- [What is needed]
Search the records below for the line containing "this 800×600 image.". Write out that line and every line after it exactly as written.

==== Provided records

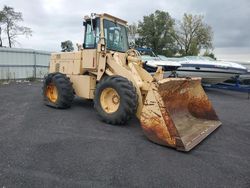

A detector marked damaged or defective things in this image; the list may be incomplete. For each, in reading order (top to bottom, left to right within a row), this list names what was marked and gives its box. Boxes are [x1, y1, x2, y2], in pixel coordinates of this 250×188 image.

rusty bucket attachment [141, 76, 221, 151]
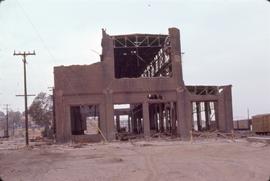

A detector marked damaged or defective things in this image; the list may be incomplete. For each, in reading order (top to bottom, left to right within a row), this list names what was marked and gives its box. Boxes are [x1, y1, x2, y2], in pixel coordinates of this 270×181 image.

broken window opening [70, 104, 99, 136]
damaged brick building [53, 27, 233, 143]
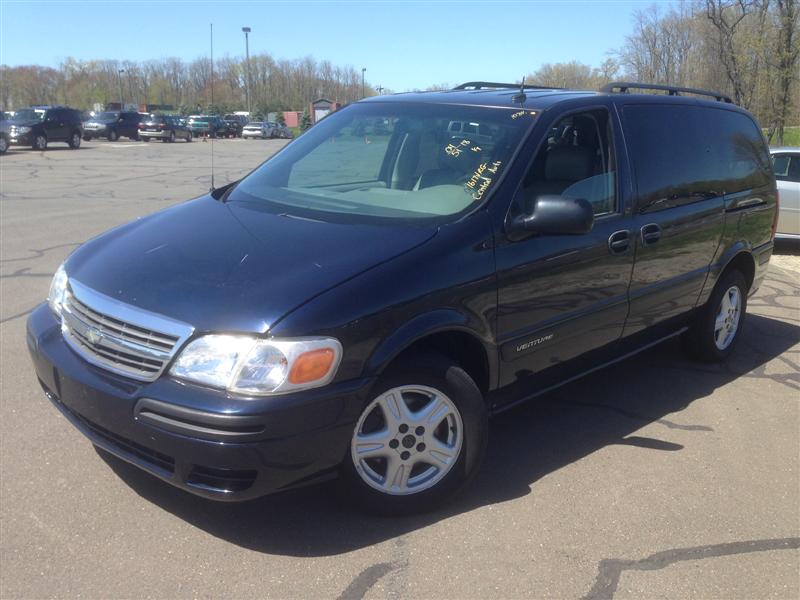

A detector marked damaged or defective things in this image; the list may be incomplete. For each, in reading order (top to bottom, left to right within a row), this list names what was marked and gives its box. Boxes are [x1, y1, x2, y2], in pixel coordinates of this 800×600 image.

pavement crack [580, 536, 800, 596]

========

- [Output for this task]
A detector marked damaged or defective things in this image; the list may be incomplete. For each, in reading order (top to bottom, left to right within a row), this list names what was marked and gives its box. Boxes are [x1, y1, x2, y2], in pixel coordinates of this 800×600 image.

pavement crack [580, 536, 800, 596]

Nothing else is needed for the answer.